● **Activity**
Lines from the one containing "Puliam Shorts,Men's Plus" through the end of the material are to be retyped exactly; do not copy pictures.

● **Supplied data**
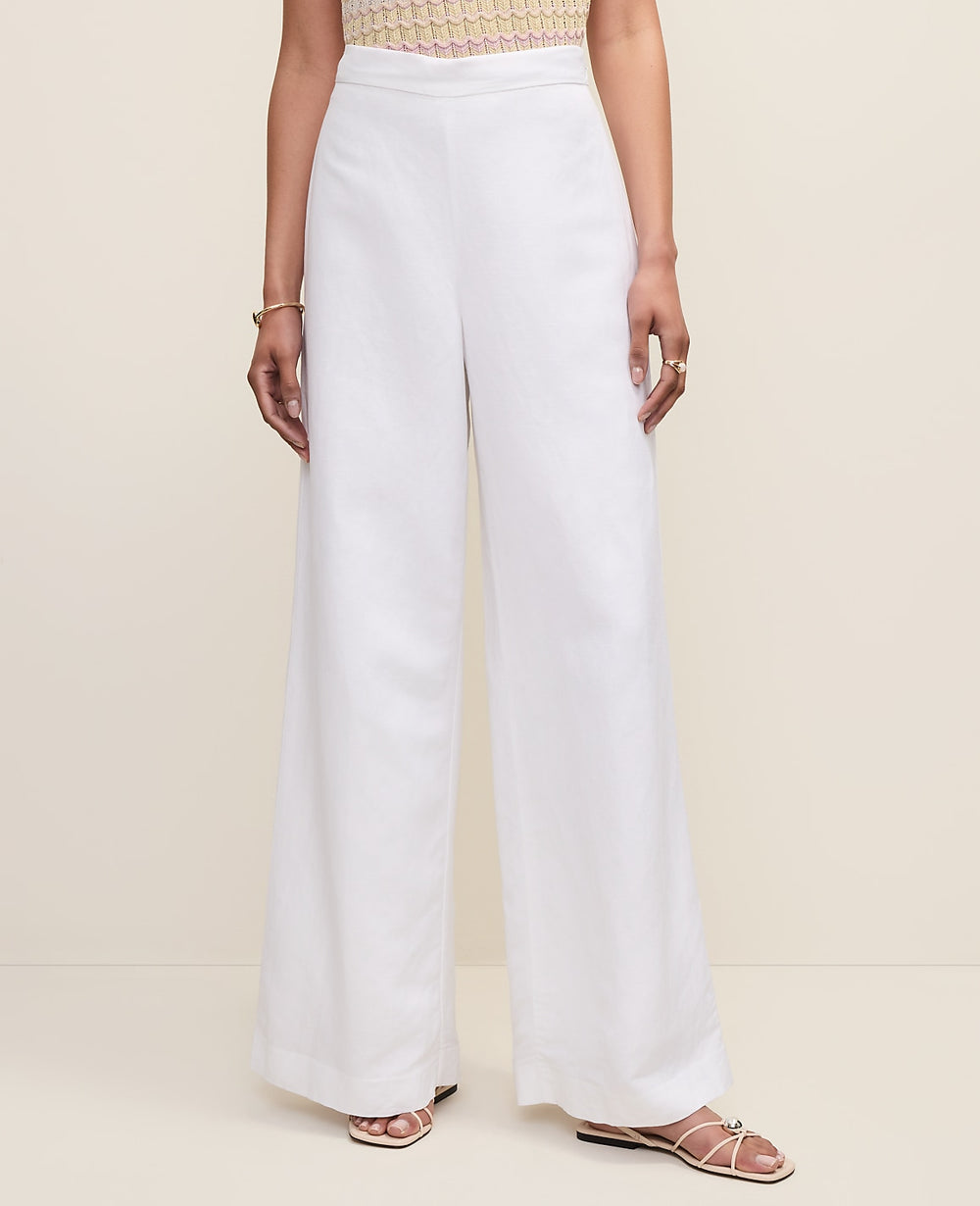 Ann Taylor White The Statement Palazzo Pant in Linen Blend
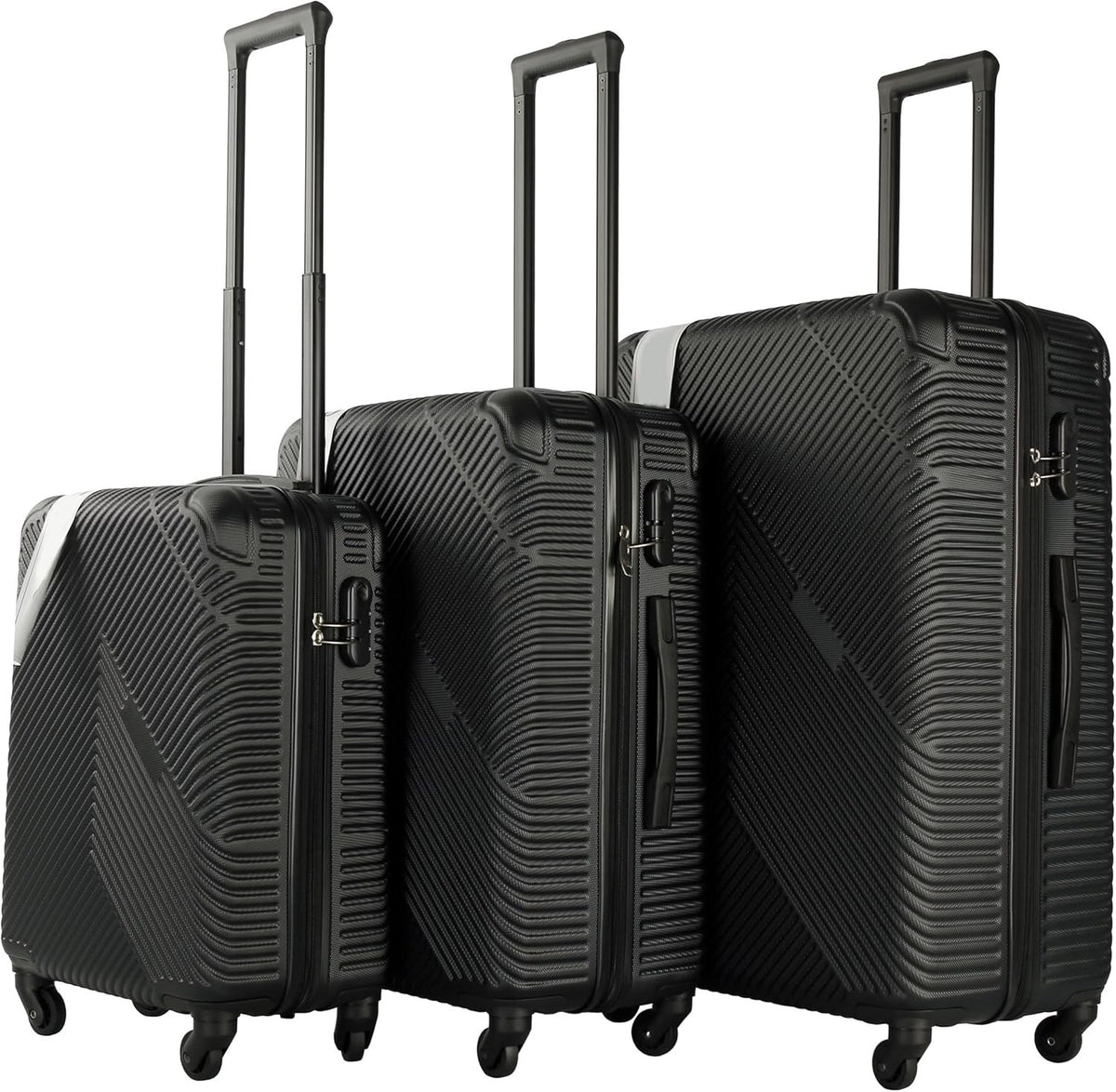 3PC Hard Shell Luggage Set 20 24 28 Inch Spinner Wheels Lock Black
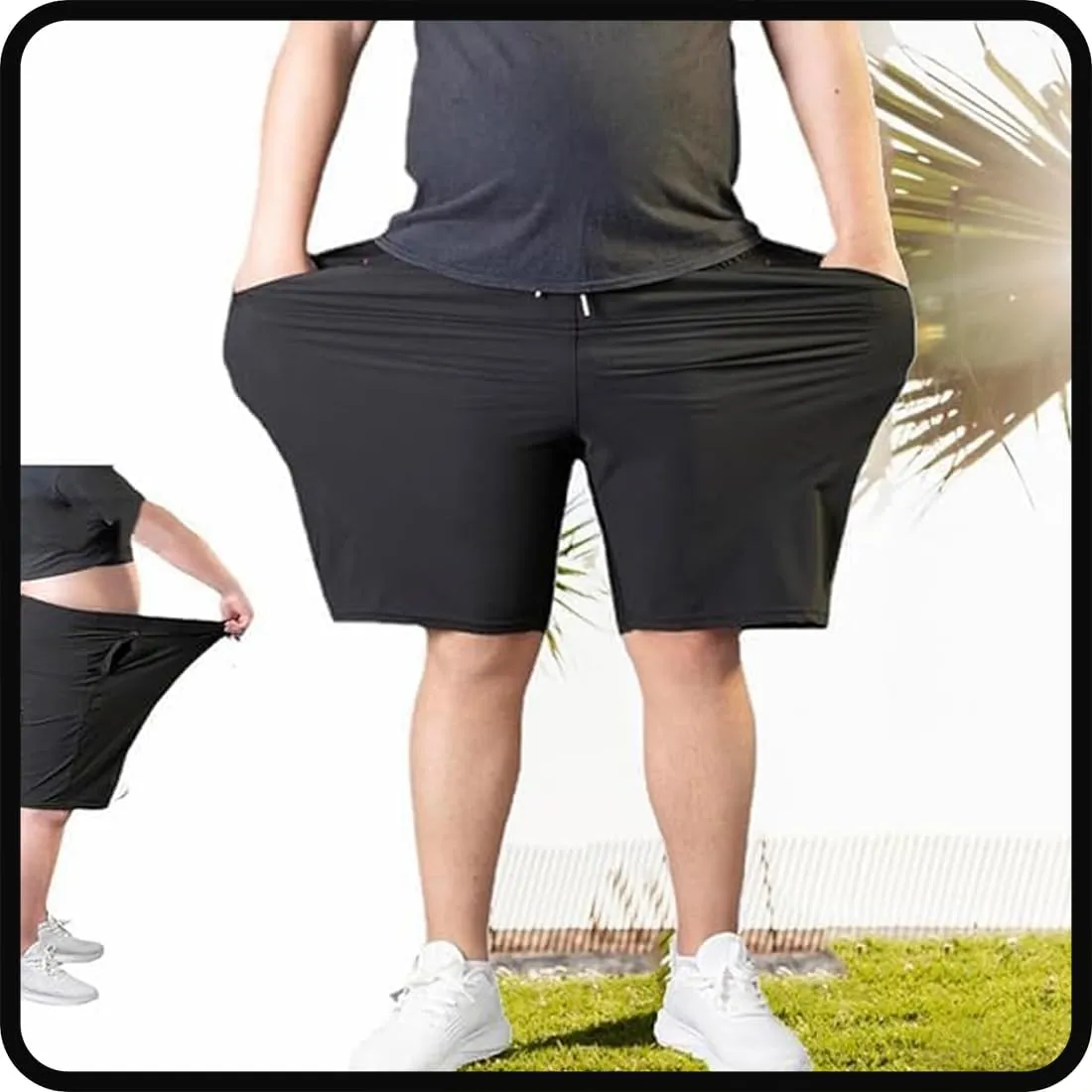Puliam Shorts,Men's Plus Size Ice Silk Stretch Shorts,Mens Quick Dry Beach Running Shorts with Zippered Pockets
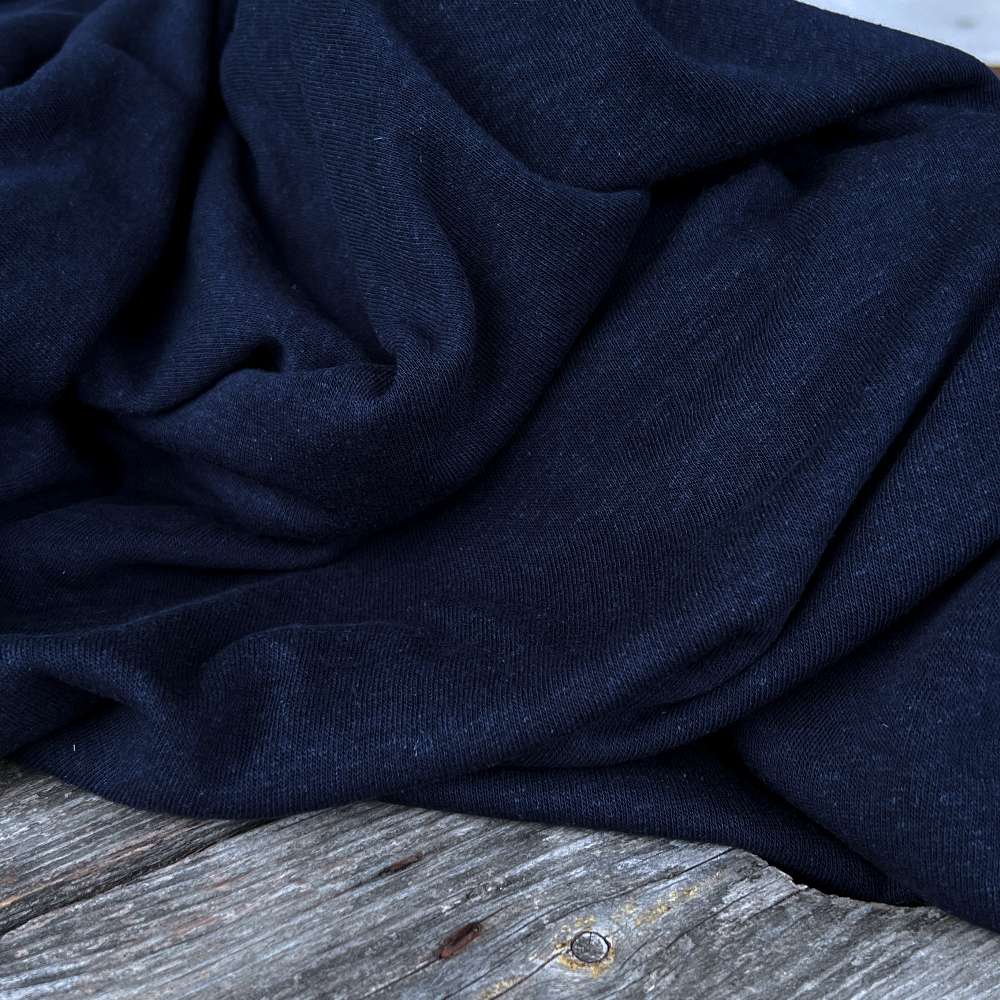 Maille tricot légère viscose et lin Oekotex - Marine x20cm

● **Task response**
Puliam Shorts,Men's Plus Size Ice Silk Stretch Shorts,Mens Quick Dry Beach Running Shorts with Zippered Pockets
 Maille tricot légère viscose et lin Oekotex - Marine x20cm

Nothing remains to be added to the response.